- _Exercise description_
Among the records that follow, how many lines contain the word "Black"? Give the number and no other words.

- _Excerpts from a dataset_
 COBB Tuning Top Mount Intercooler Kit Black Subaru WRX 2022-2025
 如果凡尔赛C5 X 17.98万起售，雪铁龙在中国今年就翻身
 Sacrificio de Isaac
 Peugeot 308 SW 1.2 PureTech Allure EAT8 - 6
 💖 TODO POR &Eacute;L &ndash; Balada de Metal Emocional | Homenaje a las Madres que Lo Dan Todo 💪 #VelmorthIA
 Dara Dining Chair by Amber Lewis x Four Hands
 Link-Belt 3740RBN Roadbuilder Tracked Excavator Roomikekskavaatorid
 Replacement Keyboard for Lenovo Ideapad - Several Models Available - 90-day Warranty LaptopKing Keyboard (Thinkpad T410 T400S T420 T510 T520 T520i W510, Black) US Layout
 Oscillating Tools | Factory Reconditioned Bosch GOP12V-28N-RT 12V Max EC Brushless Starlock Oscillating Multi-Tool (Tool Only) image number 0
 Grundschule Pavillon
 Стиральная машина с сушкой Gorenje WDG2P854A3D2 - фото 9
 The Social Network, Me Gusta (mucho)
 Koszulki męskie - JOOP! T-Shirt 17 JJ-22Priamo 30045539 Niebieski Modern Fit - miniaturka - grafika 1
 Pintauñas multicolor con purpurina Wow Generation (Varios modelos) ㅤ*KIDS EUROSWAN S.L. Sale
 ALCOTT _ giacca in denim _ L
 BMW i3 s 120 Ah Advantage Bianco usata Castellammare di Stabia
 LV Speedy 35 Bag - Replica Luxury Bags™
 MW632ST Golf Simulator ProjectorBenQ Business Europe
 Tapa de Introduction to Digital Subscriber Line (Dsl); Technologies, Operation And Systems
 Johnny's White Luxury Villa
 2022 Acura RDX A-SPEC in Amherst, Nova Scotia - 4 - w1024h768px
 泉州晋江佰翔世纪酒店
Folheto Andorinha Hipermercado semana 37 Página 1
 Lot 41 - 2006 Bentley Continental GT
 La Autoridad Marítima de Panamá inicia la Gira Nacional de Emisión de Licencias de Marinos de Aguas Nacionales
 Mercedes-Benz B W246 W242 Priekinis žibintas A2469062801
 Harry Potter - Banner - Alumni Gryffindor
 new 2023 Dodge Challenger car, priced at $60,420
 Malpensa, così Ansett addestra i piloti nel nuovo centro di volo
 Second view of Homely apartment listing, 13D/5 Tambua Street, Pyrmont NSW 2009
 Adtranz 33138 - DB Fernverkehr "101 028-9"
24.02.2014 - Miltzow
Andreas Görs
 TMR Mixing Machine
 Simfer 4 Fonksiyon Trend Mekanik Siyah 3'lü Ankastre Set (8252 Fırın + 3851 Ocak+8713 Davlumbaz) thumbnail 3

- _Result_
2